Subsequently, taxol and 10-deacetylbaccatin III (10-DAB III) were extracted from culture filtrates and mycelia of the PCR positive isolates and analyzed by high-performance liquid chromatography and mass spectrometry. The analysis showed that one isolate (SBU-16) produced taxol (6.9 ± 0.2 μg L−1) and its intermediate compound, 10-DAB III (2.2 ± 0.1 μg L−1). The isolate SBU-16 was identified as Stemphylium sedicola SBU-16, according to its morphological check details characteristics as well as the internal transcribed spacer nuclear rDNA gene sequence analysis. Interestingly, this is the first report of the genus Stemphylium as a taxol-producing taxon. Among secondary metabolites with anticancer
activity, taxol (paclitaxel), a complex diterpene obtained from Sorafenib purchase slowly growing Taxus species, is arguably the most important and widely used for clinical applications (Malik et al., 2011). It was originally isolated and characterized from the bark of Taxus brevifolia (Wani et al., 1971). Since the discovery of taxol, considerable energy has been invested in discovering
the means to increase its extraction. A serious obstacle to overcome is the low concentration (0.001–0.05%) of taxol found in the most productive species, T. brevifolia. As it is necessary to take 10 000 kg of Taxus bark or 3000 yew trees to produce only one kilogram of the drug (Schippmann, 2001), a patient with cancer needs approximately 2.5–3 g of paclitaxel (Bedi et al., 1996), which is equivalent to about eight 60-year-old yew trees. Additionally, extraction of taxol from yew trees requires a complex system and specific purification techniques using advanced and expensive technology. Taking into account the facts mentioned above together with the seasonal variation in taxane concentration in Taxus (Cameron & Smith, 2008) and
the ever increasing demand for the drug, there is an urgent need to find other alternative sources of production. Several methods have been developed for taxol production, for example, total chemical synthesis (Holton et al., 1994a, b; Nicolaou et al., 1994), semi-synthesis from its precursor (Holton et al., 1995), and plant tissue cell culture (Zhong, 2002). The complexity of the biosynthetic pathway and its low yield Oxymatrine limit its production by chemical synthesis. Semi-synthesis production is also quite expensive with unstable production and difficulty in purification (Suffness & Wall, 1995).

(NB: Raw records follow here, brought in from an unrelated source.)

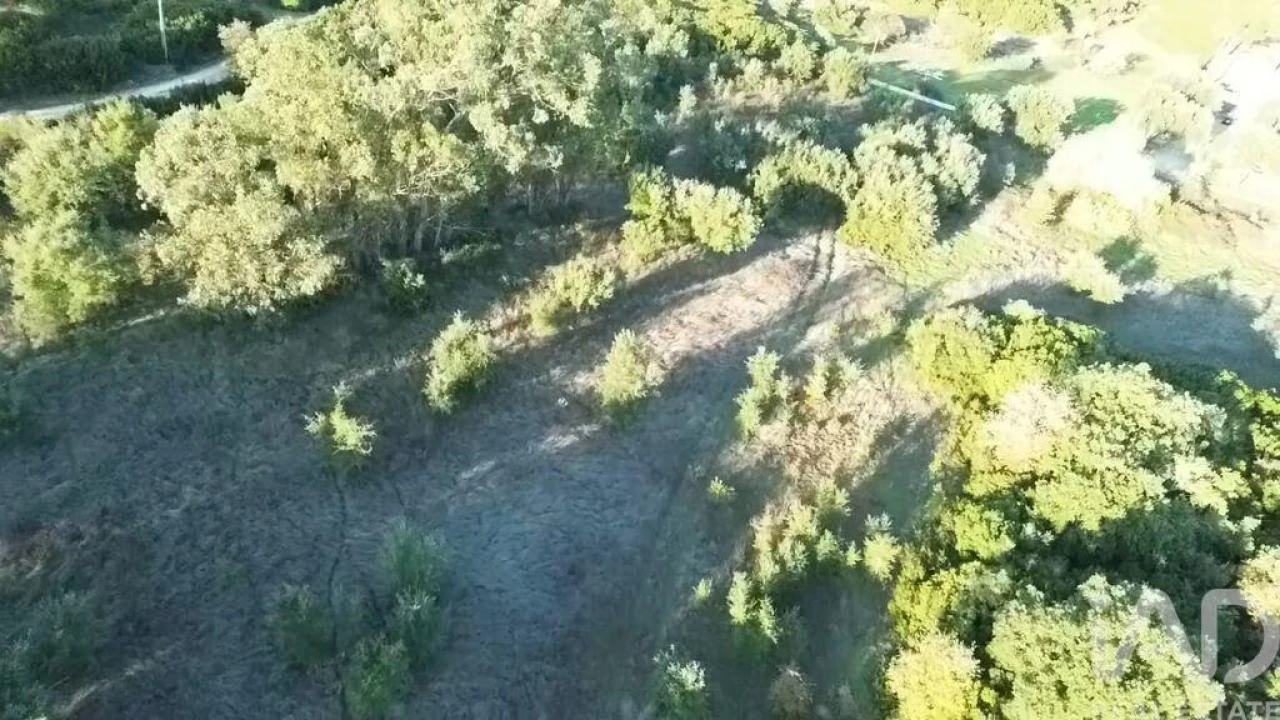 Terreno para Venda em Almoster Foto 29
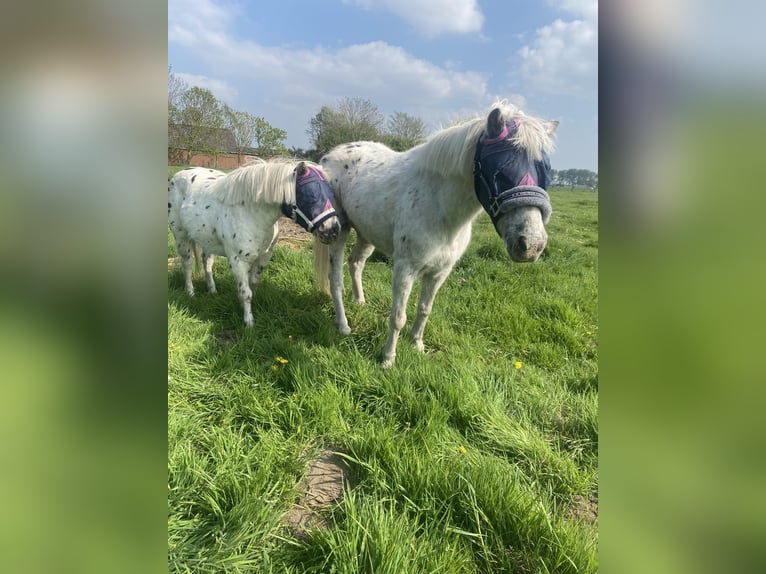 Appaloosa Mare 18 years Leopard-Piebald in Kloosterzande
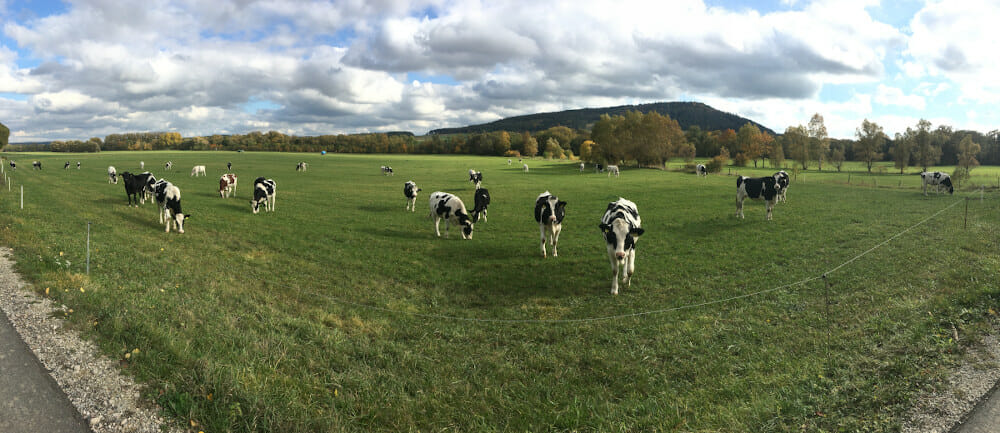 Kühe in Dörnfeld am Ilmtalradweg.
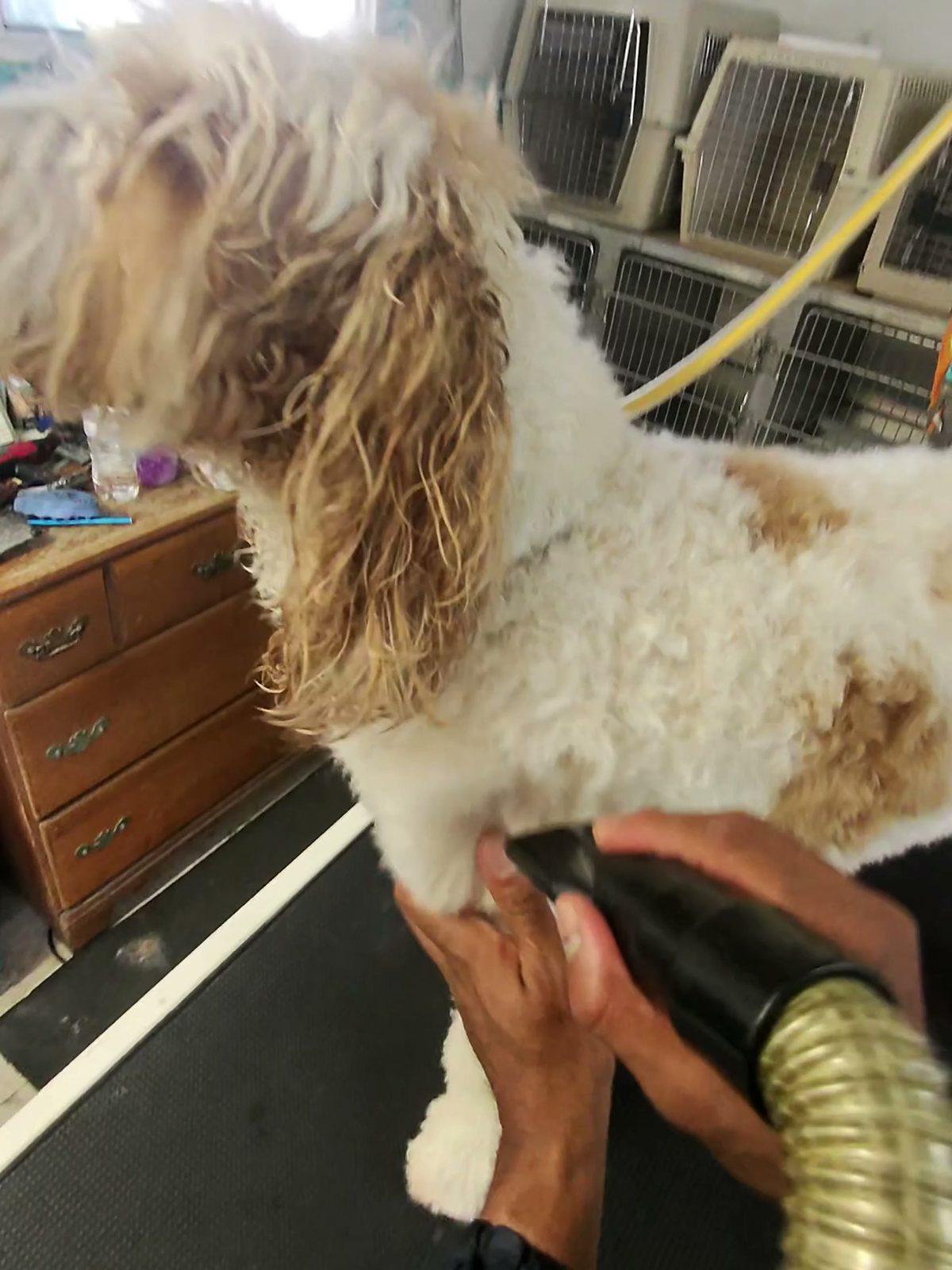 Drying a doodle's neck and chest while the dog stands on the table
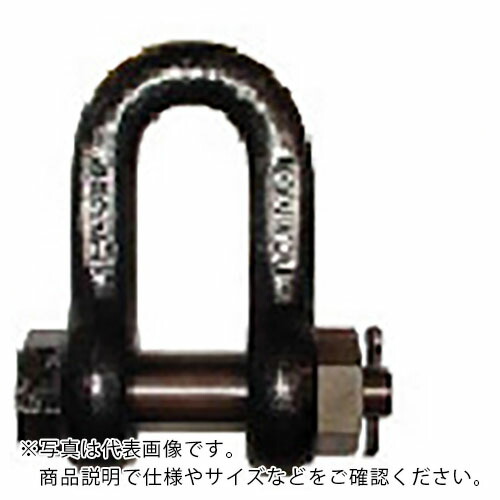 TAIYO ( 大洋製器工業 ) JISシャックル M級 ドブ SB-38(1007734) ( SB38G )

Plant tissue cell culture is an environmentally sustainable source of taxol and offers several advantages as it is not subjected to weather, season, or contamination (Expósito et al., 2009). However, these empirical methods have not been able to meet the increasing world demand for taxanes: 400 kg of taxol is currently needed in the USA and Europe every year (Cameron & Smith, 2008).